YOUR TASK =>
Beginning at the line that contains "Pirate Ship Battle in Dark Fantasy Style", reproduce the entries below exactly, ending with the line that contains "大码利-冬款【加绒刺绣小狗卫裤】窄版直筒松紧腰修身休闲长裤保暖". Omit each picture.

^^^^

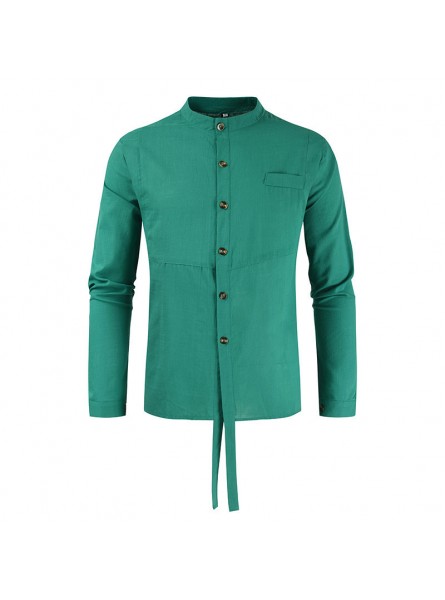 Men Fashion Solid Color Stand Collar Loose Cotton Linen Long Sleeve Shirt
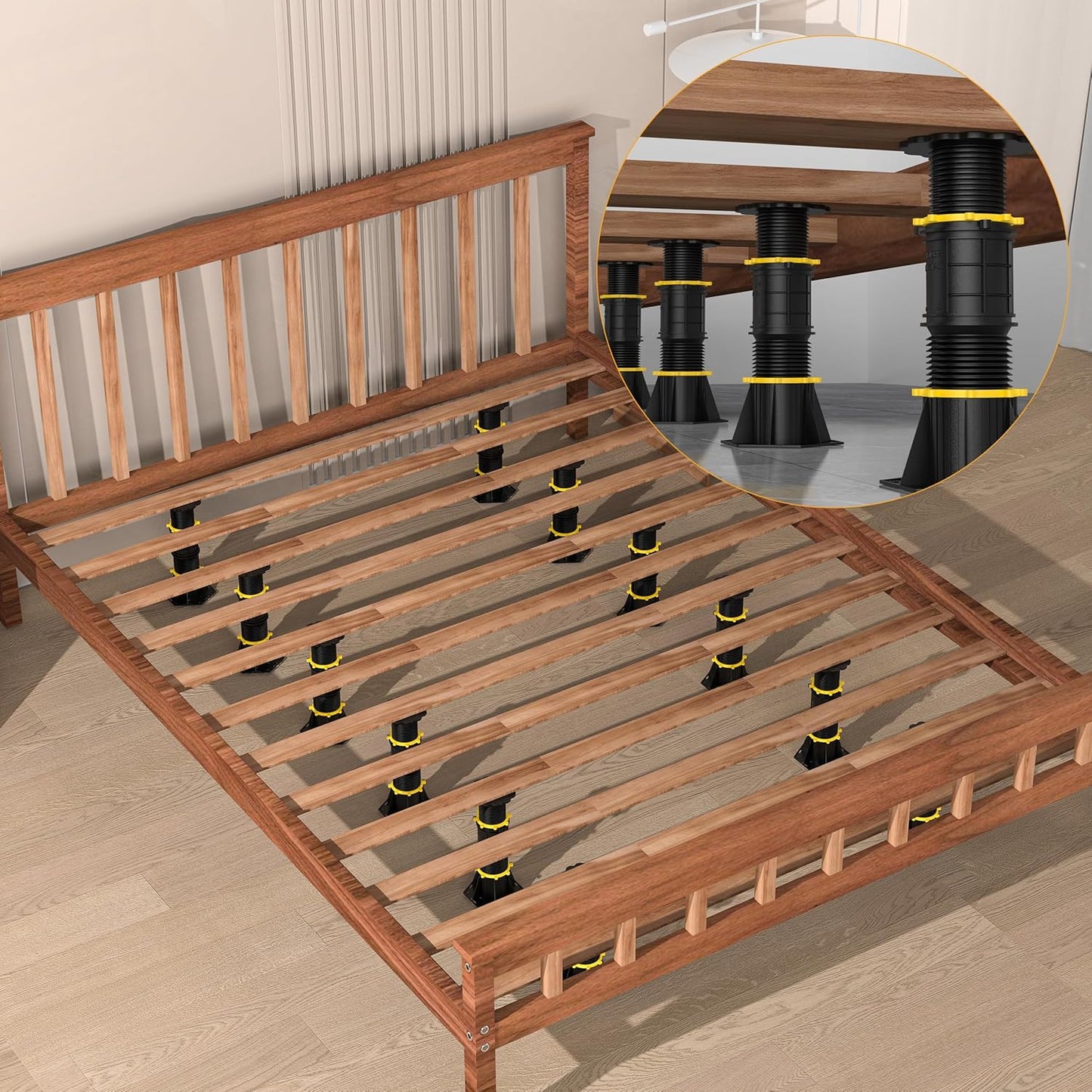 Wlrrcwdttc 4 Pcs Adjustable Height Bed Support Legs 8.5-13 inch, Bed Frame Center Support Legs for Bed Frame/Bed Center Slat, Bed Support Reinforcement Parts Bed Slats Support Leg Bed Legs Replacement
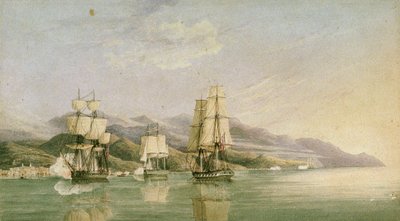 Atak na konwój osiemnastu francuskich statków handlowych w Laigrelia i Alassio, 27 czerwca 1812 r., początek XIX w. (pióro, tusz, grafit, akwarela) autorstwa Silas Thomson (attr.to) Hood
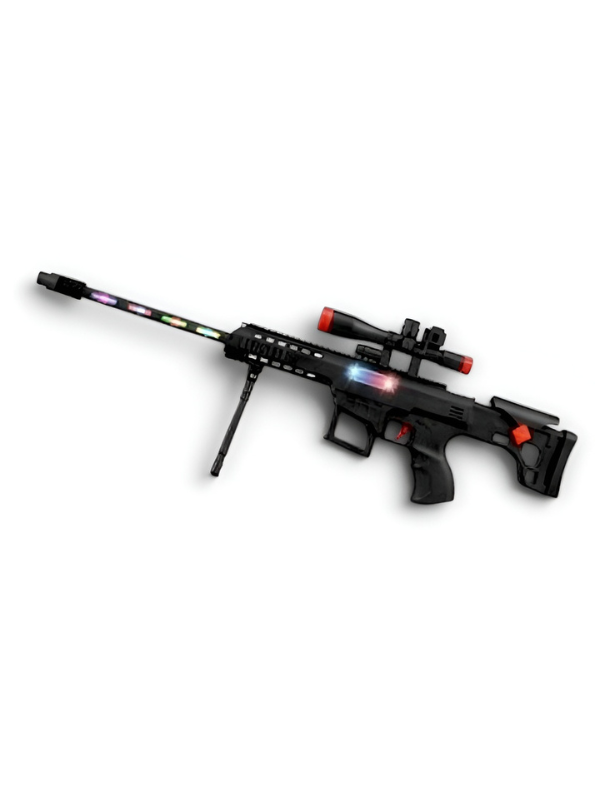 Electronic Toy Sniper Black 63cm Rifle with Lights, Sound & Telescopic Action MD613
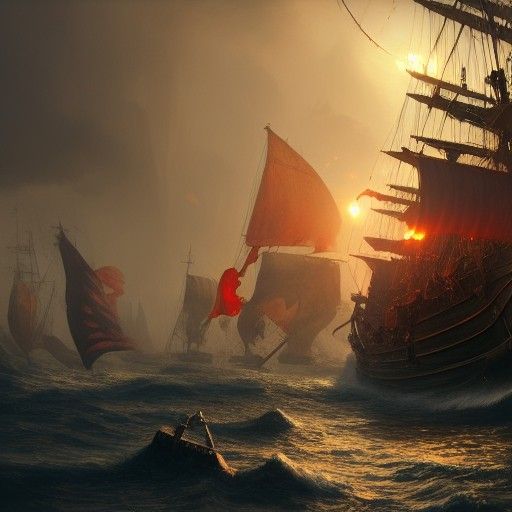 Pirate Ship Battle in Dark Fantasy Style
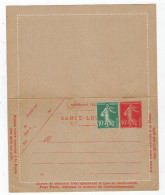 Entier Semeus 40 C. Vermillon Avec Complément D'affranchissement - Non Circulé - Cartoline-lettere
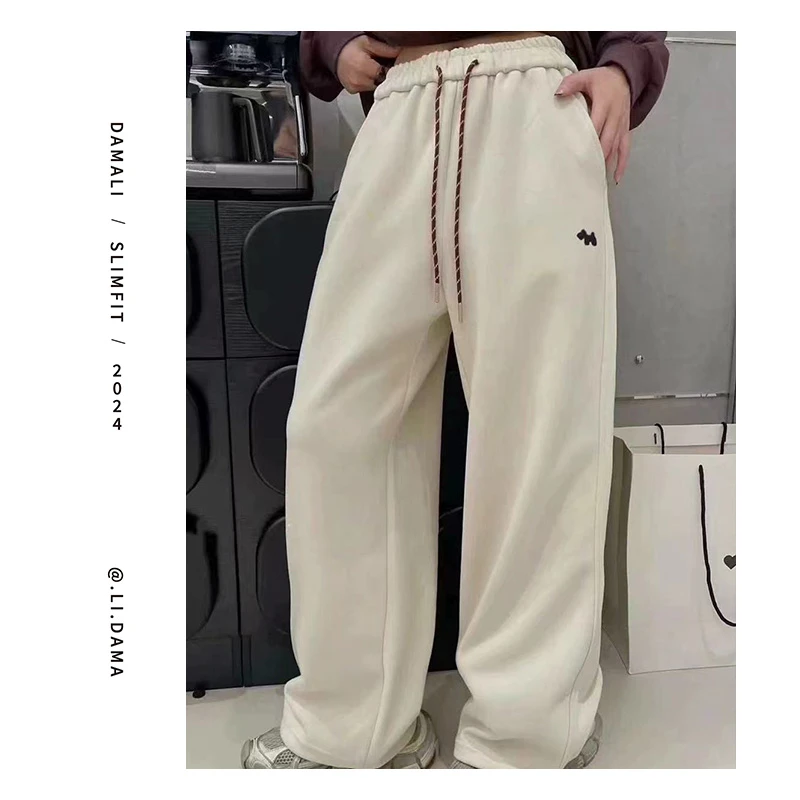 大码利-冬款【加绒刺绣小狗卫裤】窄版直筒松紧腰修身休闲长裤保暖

^^^^

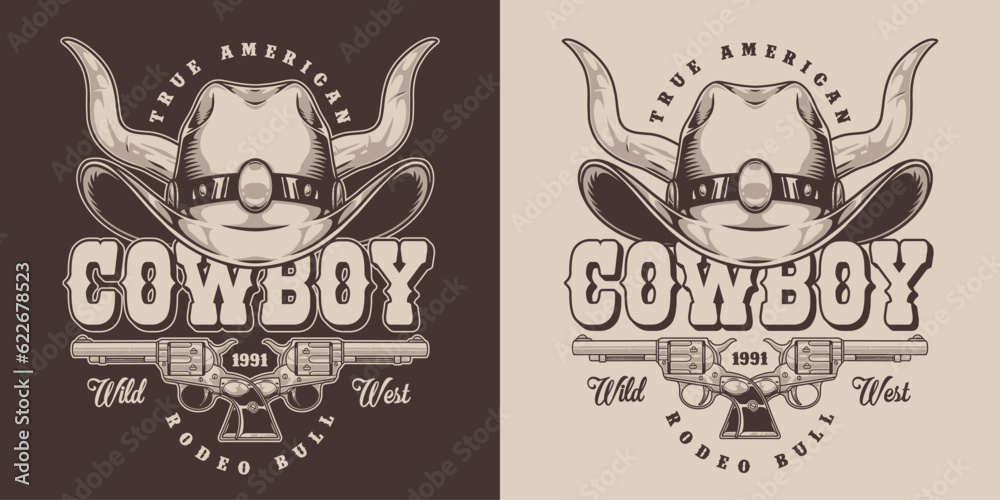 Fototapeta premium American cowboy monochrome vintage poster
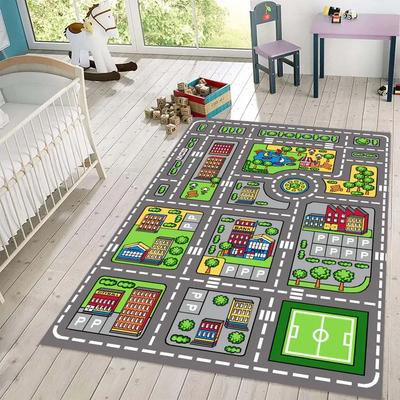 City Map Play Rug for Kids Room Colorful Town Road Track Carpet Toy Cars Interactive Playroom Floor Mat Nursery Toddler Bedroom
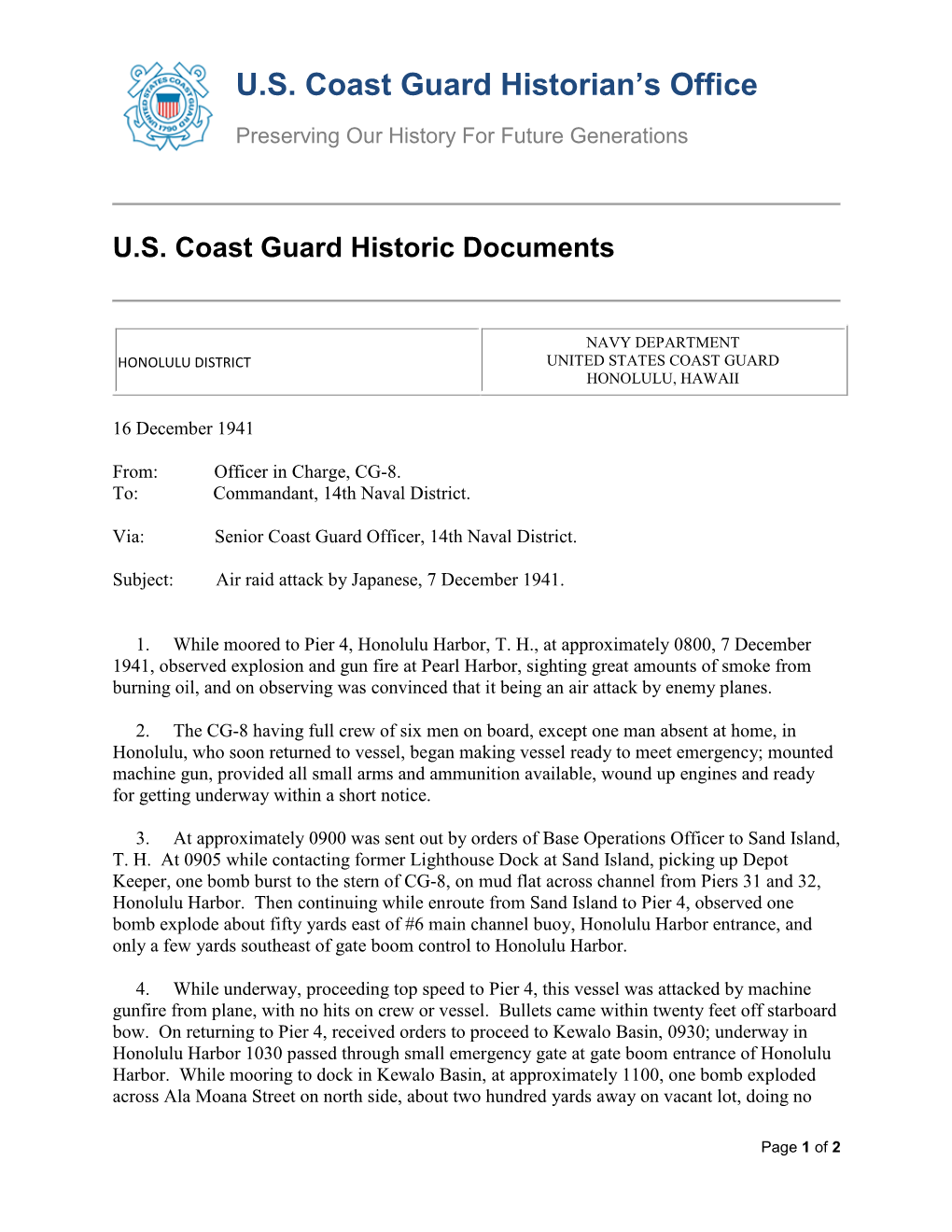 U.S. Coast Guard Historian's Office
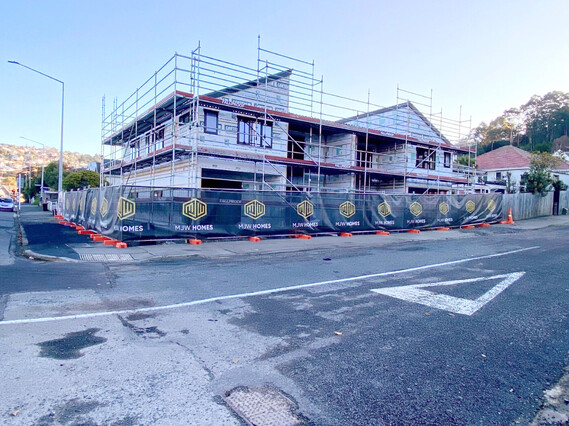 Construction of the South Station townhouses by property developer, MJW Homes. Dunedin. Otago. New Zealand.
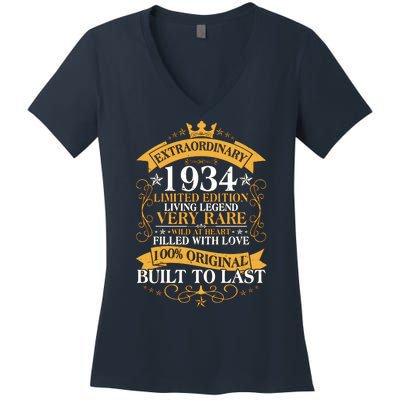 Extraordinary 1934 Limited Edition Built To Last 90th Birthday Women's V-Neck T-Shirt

^^^^

SOLUTION TO THE PROBLEM =>
 Pirate Ship Battle in Dark Fantasy Style
 Entier Semeus 40 C. Vermillon Avec Complément D'affranchissement - Non Circulé - Cartoline-lettere
 大码利-冬款【加绒刺绣小狗卫裤】窄版直筒松紧腰修身休闲长裤保暖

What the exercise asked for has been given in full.